On Tue, Jul 30, 2024 at 01:24:54PM -0500, Nathan Bossart wrote:

While looking into converting pgssEntry->mutex to an LWLock (per a
suggestion elsewhere [0]), I noticed that pg_stat_statements uses
"volatile" quite liberally. IIUC we can remove these as of commit 0709b7e
(like commits 8f6bb85, df4077c, and 6ba4ecb did in other areas). All of
the uses in pg_stat_statements except those added by commit 9fbc3f3 predate
that commit (0709b7e), and I assume commit 9fbc3f3 was just following the
examples in surrounding code.

Am I missing something? Or can we remove these qualifiers now?

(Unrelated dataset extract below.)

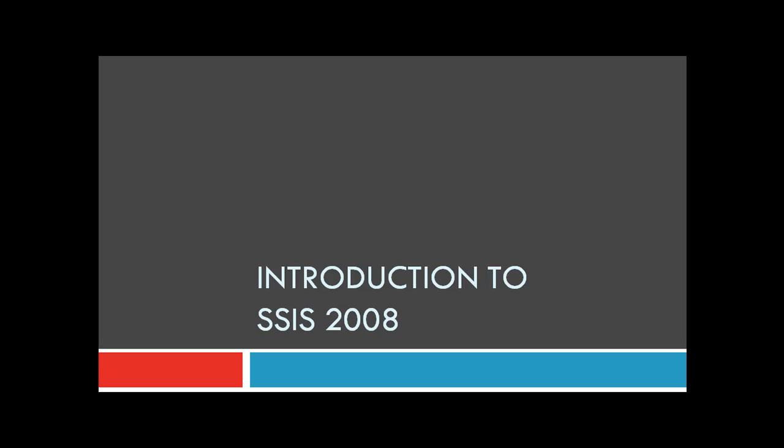Welcome to this presentation titled Introduction to SQL Server Integration Services 2008. In this introduction session, we'll be going through an overview of SSIS 2008, the different tools, and the terms involved in it.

I share the same understanding and I think those can be removed.

The patch LGTM.

Regards,

--
Bertrand Drouvot
PostgreSQL Contributors Team
RDS Open Source Databases
Amazon Web Services: https://aws.amazon.com

#3Michael Paquier
michael@paquier.xyz
In reply to: Bertrand Drouvot (#2)
Re: remove volatile qualifiers from pg_stat_statements

On Wed, Jul 31, 2024 at 07:01:38AM +0000, Bertrand Drouvot wrote:

I share the same understanding and I think those can be removed.

The patch LGTM.

That sounds about right. All the volatile references we have here
have been kept under the assumption that a memory barrier is required.
As we hold spin locks in these areas, that should not be necessary
anyway. So LGTM as well.

A quick lookup at the rest of contrib/ is showing me that the
remaining volatile references point at uses with TRY/CATCH blocks,
where we require them.
--
Michael

#4Nathan Bossart
nathandbossart@gmail.com
In reply to: Michael Paquier (#3)
Re: remove volatile qualifiers from pg_stat_statements

On Tue, Aug 06, 2024 at 04:04:01PM +0900, Michael Paquier wrote:

On Wed, Jul 31, 2024 at 07:01:38AM +0000, Bertrand Drouvot wrote:

I share the same understanding and I think those can be removed.

The patch LGTM.

That sounds about right. All the volatile references we have here
have been kept under the assumption that a memory barrier is required.
As we hold spin locks in these areas, that should not be necessary
anyway. So LGTM as well.

Committed, thanks.

--
nathan